» **Activity**: No pictures go in the copy; retype exactly the lines from the one with "teamGOALボストンバッグL | すべての商品 | hauhau" through the last line of the records.

── Data extract

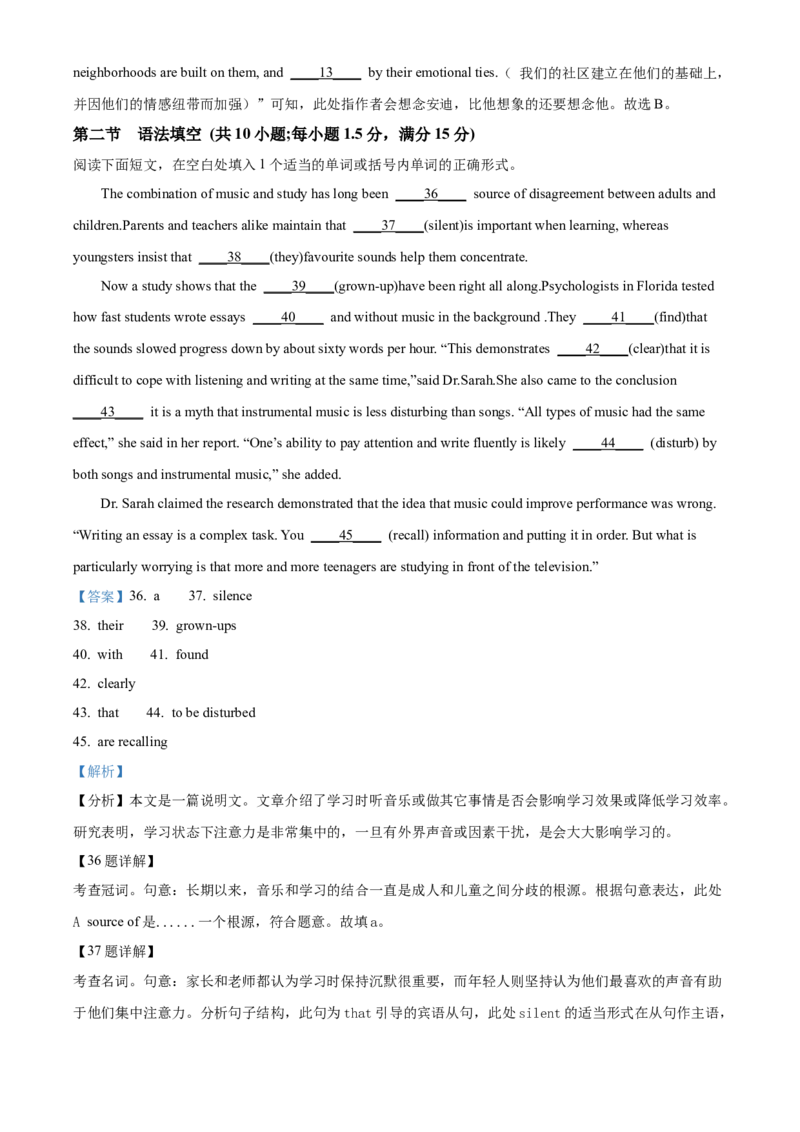 英语试题（解析版）_3.2025英语总复习_2023年新高考资料_3英语高考模拟题_新高考_2023福建省厦门外国语学校高三上学期期末检测英语_2023福建省厦门外国语学校高三上学期期末检测英语
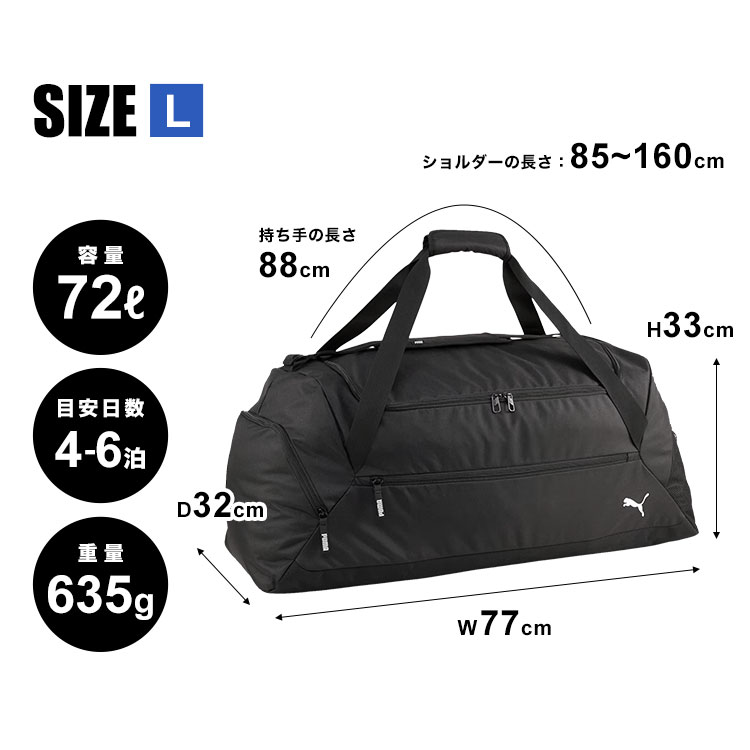 teamGOALボストンバッグL | すべての商品 | hauhau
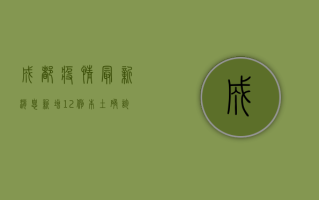 成都疫情最新消息，新增12例本土确诊病例，防控形势如何？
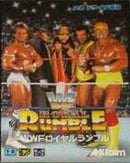 WWF Royal Rumble - JP Sega Mega Drive - Destination Retro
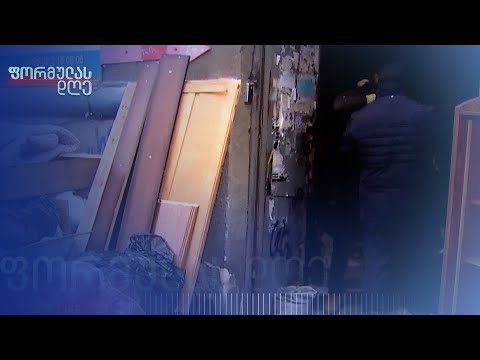 ვითარება კეკელიძის ქუჩაზე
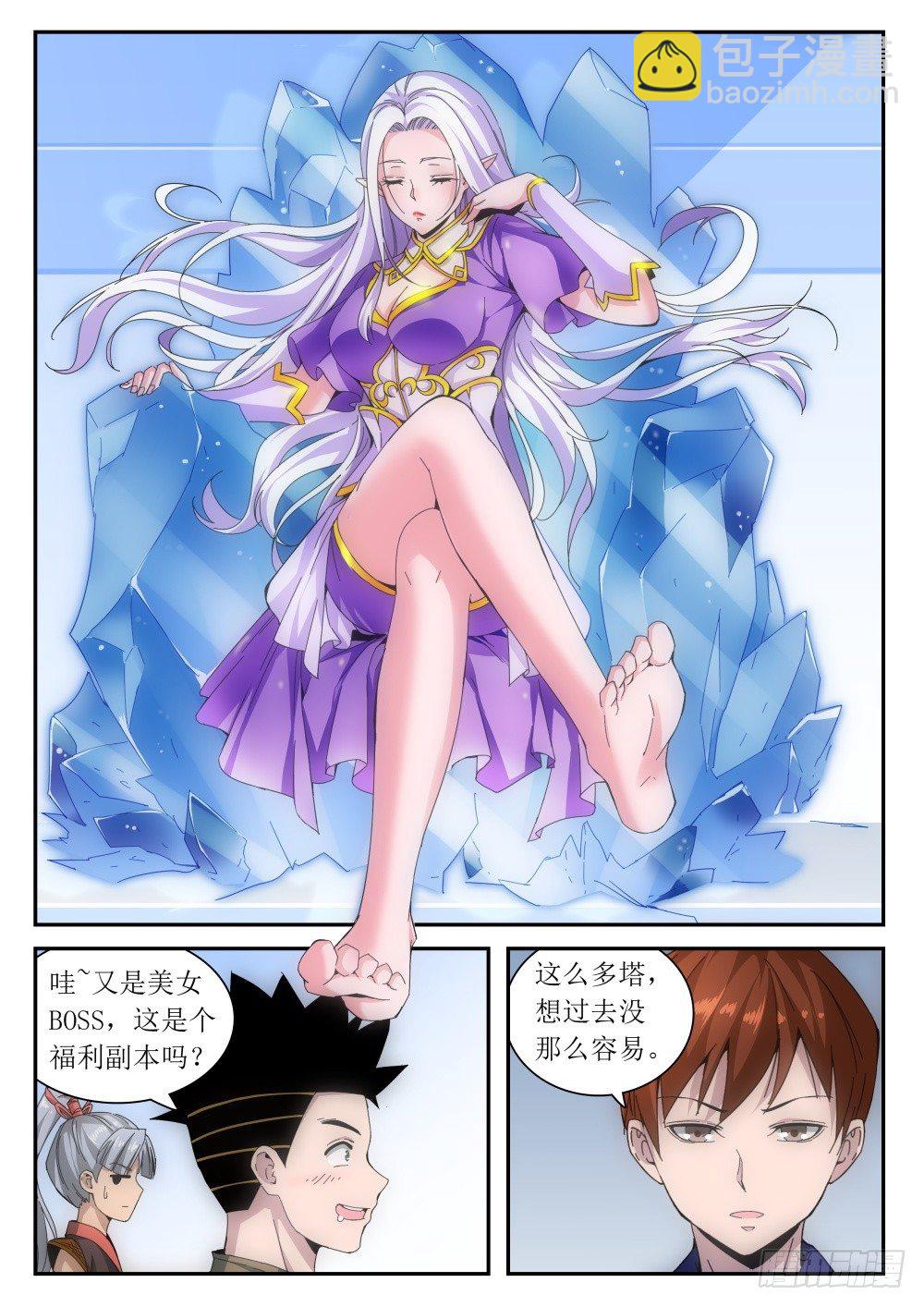 第二季12 最终BOSS6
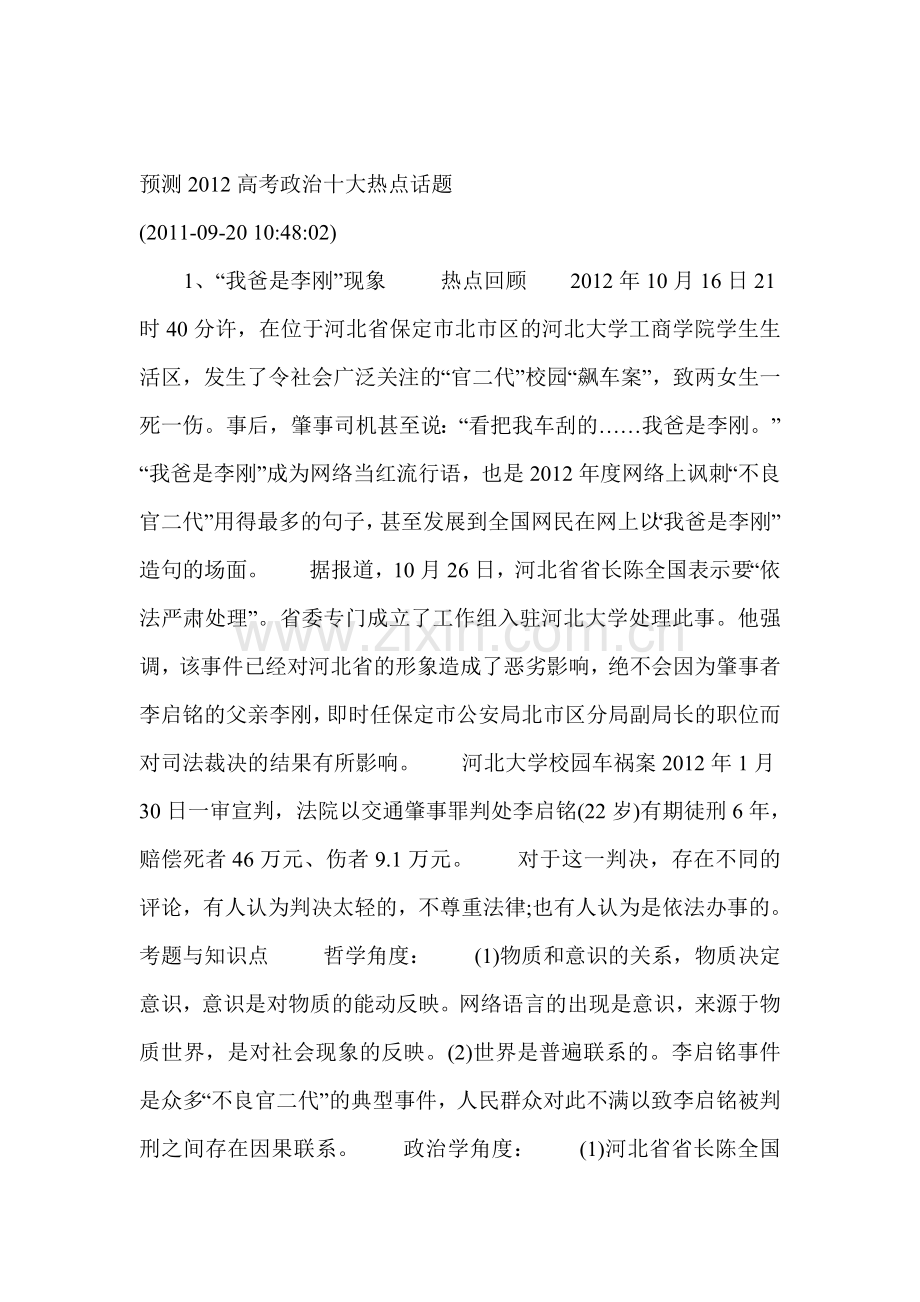 预测2012高考政治十大热点话题[1].doc_第1页
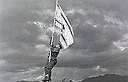 אלוף אברהם (ברן) אדן נפטר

────

» **Answer**:
 teamGOALボストンバッグL | すべての商品 | hauhau
 成都疫情最新消息，新增12例本土确诊病例，防控形势如何？
 WWF Royal Rumble - JP Sega Mega Drive - Destination Retro
 ვითარება კეკელიძის ქუჩაზე
 第二季12 最终BOSS6
 预测2012高考政治十大热点话题[1].doc_第1页
 אלוף אברהם (ברן) אדן נפטר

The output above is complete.